**TASK TO CARRY OUT:** The output should be the listing below, limited to the lines from the one with "Jimmy Choo White" through the one with "KOOWOD PS4 Controller", exact and without pictures.

BEGIN PROVIDED ENTRIES

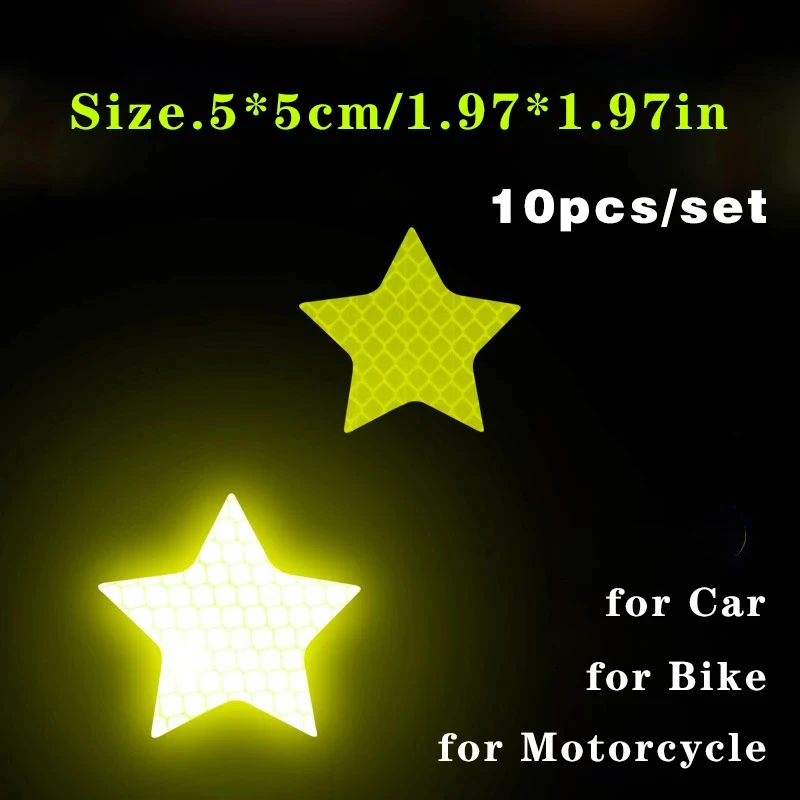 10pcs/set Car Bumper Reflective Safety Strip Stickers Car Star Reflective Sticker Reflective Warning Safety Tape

END PROVIDED ENTRIES
BEGIN PROVIDED ENTRIES

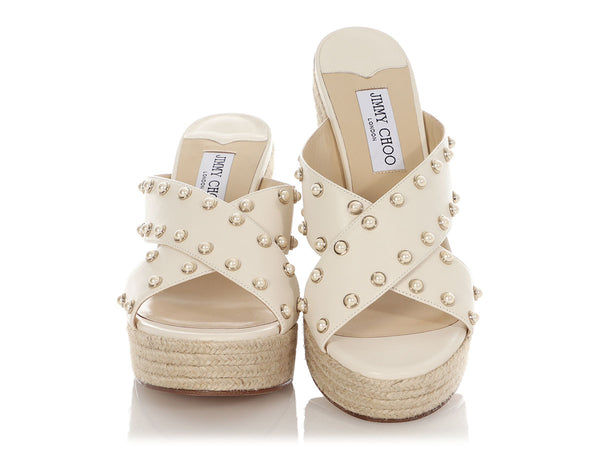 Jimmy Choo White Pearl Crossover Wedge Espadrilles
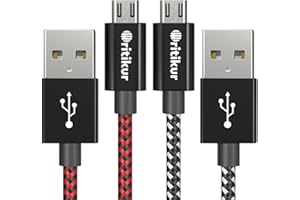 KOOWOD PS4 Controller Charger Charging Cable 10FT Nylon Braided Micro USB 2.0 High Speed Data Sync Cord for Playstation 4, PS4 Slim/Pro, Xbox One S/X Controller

END PROVIDED ENTRIES

**SOLUTION FOR THIS EXERCISE:**
 Jimmy Choo White Pearl Crossover Wedge Espadrilles
 KOOWOD PS4 Controller Charger Charging Cable 10FT Nylon Braided Micro USB 2.0 High Speed Data Sync Cord for Playstation 4, PS4 Slim/Pro, Xbox One S/X Controller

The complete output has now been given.